Such was the end of Pietro Urbano. Michelangelo was certainly unfortunate with his apprentices. One cannot help fancying he may have spoiled them by indulgence. Vasari, mentioning Pietro, calls him “a person of talent, but one who never took the pains to work.”
Frizzi brought the Christ Triumphant into its present state, patching up what “the lither lad” from Pistoja had boggled. Buonarroti, who was sincerely attached to Varj, and felt his artistic reputation now at stake, offered to make a new statue. But the magnanimous Roman gentleman replied that he was entirely satisfied with the one he had received. He regarded and esteemed it “as a thing of gold,” and, in refusing Michelangelo’s offer, added that “this proved his noble soul and generosity, inasmuch as, when he had already made what could not be surpassed and was incomparable, he still wanted to serve his friend better.” The price originally stipulated was paid, and Varj added an autograph testimonial, strongly affirming his contentment with the whole transaction.
These details prove that the Christ of the Minerva must be regarded as a mutilated masterpiece. Michelangelo is certainly responsible for the general conception, the pose, and a large portion of the finished surface, details of which, especially in the knees, so much admired by Sebastiano, and in the robust arms, are magnificent. He designed the figure wholly nude, so that the heavy bronze drapery which now surrounds the loins, and bulges drooping from the left hip, breaks the intended harmony of lines. Yet, could this brawny man have ever suggested any distinctly religious idea? Christ, victor over Death and Hell, did not triumph by ponderosity and sinews. The spiritual nature of his conquest, the ideality of a divine soul disencumbered from the flesh, to which it once had stooped in love for sinful man, ought certainly to have been emphasised, if anywhere through art, in the statue of a Risen Christ. Substitute a scaling-ladder for the cross, and here we have a fine life-guardsman, stripped and posing for some classic battle-piece. We cannot quarrel with Michelangelo about the face and head. Those vulgarly handsome features, that beard, pomaded and curled by a barber’s ’prentice, betray no signs of his inspiration. Only in the arrangement of the hair, hyacinthine locks descending to the shoulders, do we recognise the touch of the divine sculptor.
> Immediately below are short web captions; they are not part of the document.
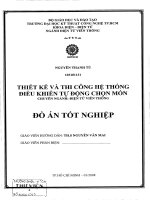 Đồ án tốt nghiệp : Hệ thống điều khiển tự động chọn món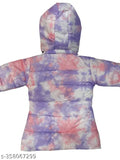 Purple tie-dye hooded jacket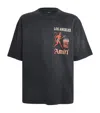 Amiri Mens Black Crystal-embellished Sinners Cotton-jersey T-shirt Xl In Black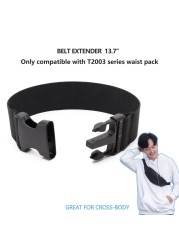 1PC Portable Belt Waist Bag Belt Extender for Men Women DIY Fanny Pack Belt Bum Bag Extension Belt Bag Accessories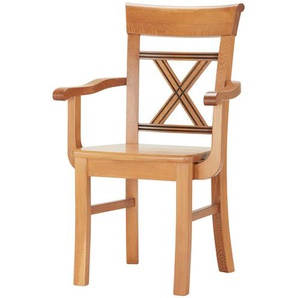 Stuhl  Stockholm ¦ holzfarben ¦ Maße (cm): B: 58 H: 96 T: 55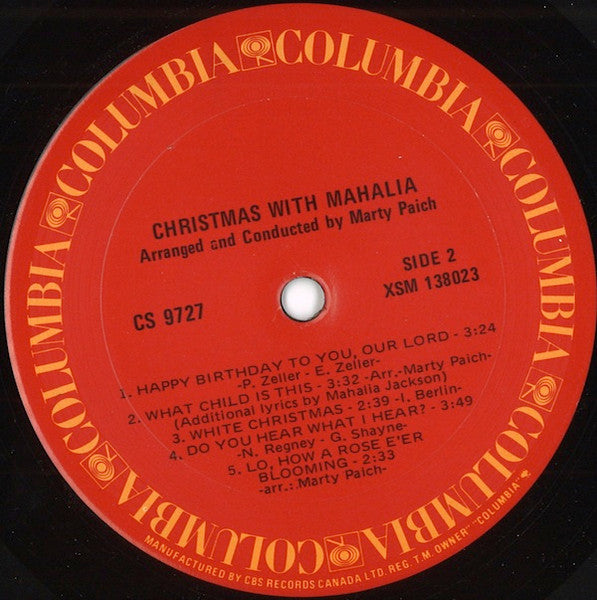 Mahalia Jackson - Christmas With Mahalia -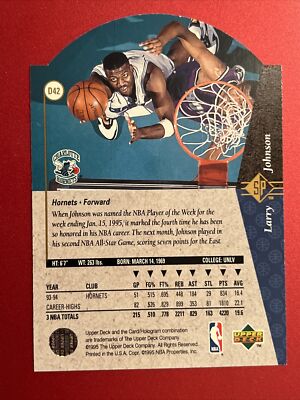 1994-95 SP Die Cut Larry Johnson #D42 Basketball Card | eBay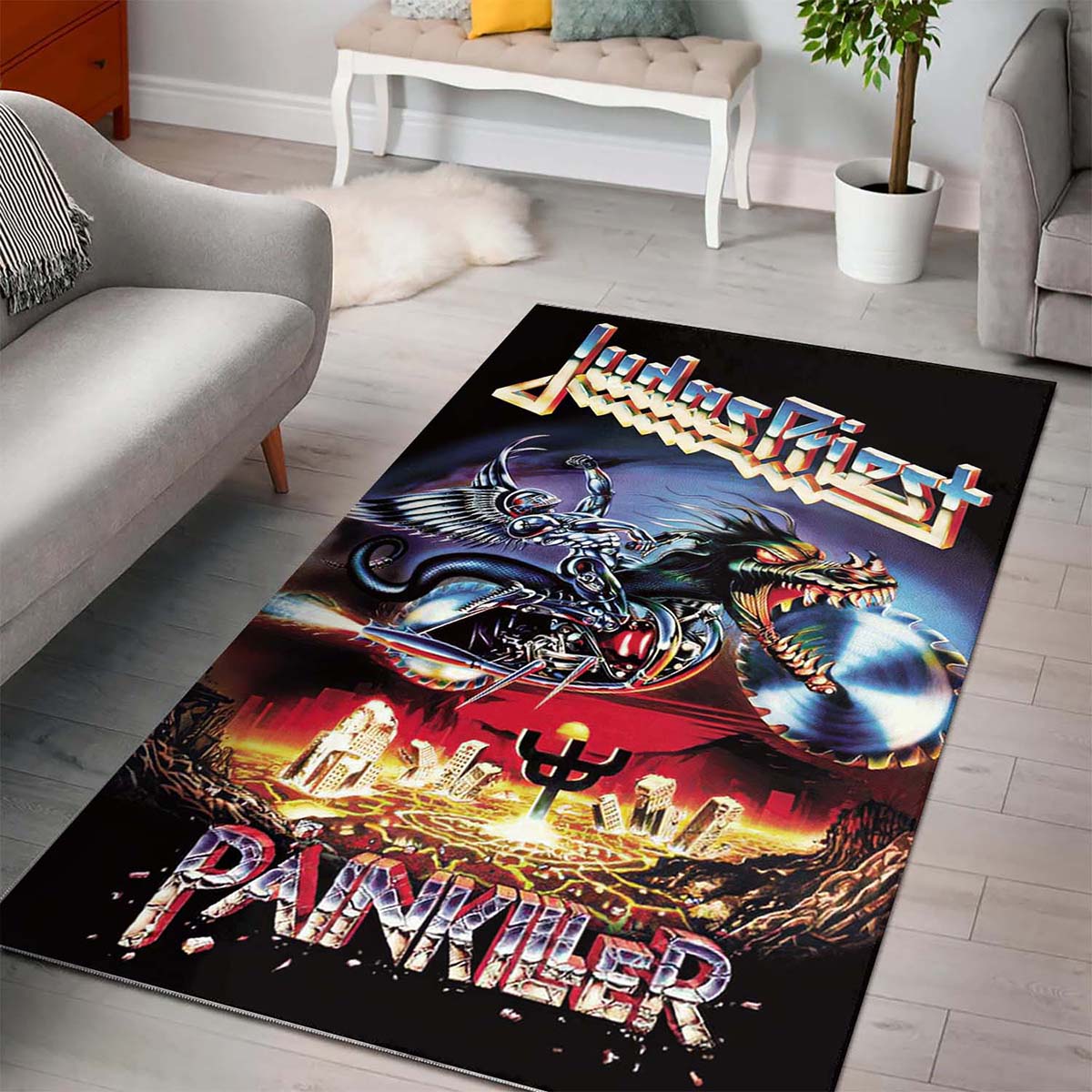 Judas Priest Band Painkiller Teppich – Bild 3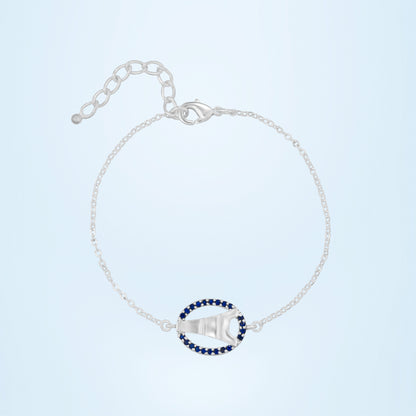 Sapphire Halo Bracelet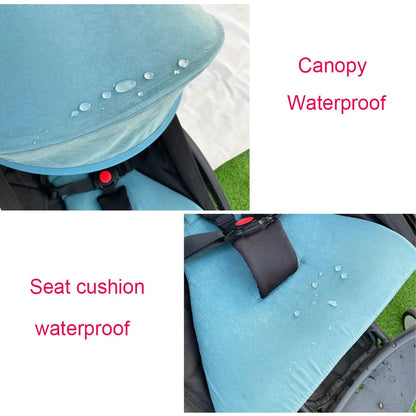 COLU KID® Baby Carriage Accessories Waterproof Sun Canopy & Replacement Seat Cushion Compatible with Babyzen YOYO YOYO2 Good Vibrations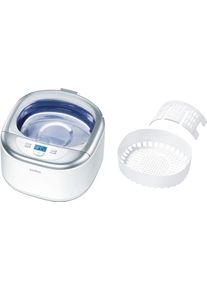 Sanitas Damen Ultraschallreiniger »SUR 42 Ultraschallreiniger für schonende und gründliche Reinigung« Für Schmuck, Brillen, Besteck, Zahnersatz,...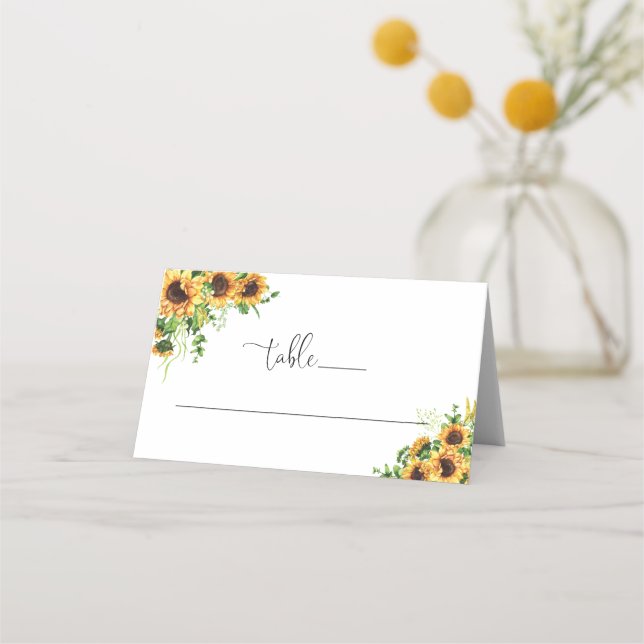 Mesa Cartão de Localização Dobrado para Casamento com F (Frente)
The Christ became very famous. Francis I. had it cast and sent to Paris, to be repeated in bronze. What is more strange, it has long been the object of a religious cult. The right foot, so mangled by poor Pietro, wears a fine brass shoe, in order to prevent its being kissed away. This almost makes one think of Goethe’s hexameter: “Wunderthaetige Bilder sind meist nur schlechte Gemaelde.” Still it must be remembered that excellent critics have found the whole work admirable. Gsell-Fels says: “It is his second Moses; in movement and physique one of the greatest masterpieces; as a Christ-ideal, the heroic conception of a humanist.” That last observation is just. We may remember that Vida was composing his Christiad while Frizzi was curling the beard of the Cristo Risorto. Vida always speaks of Jesus as Heros and of God the Father as Superum Pater Nimbipotens or Regnator Olympi.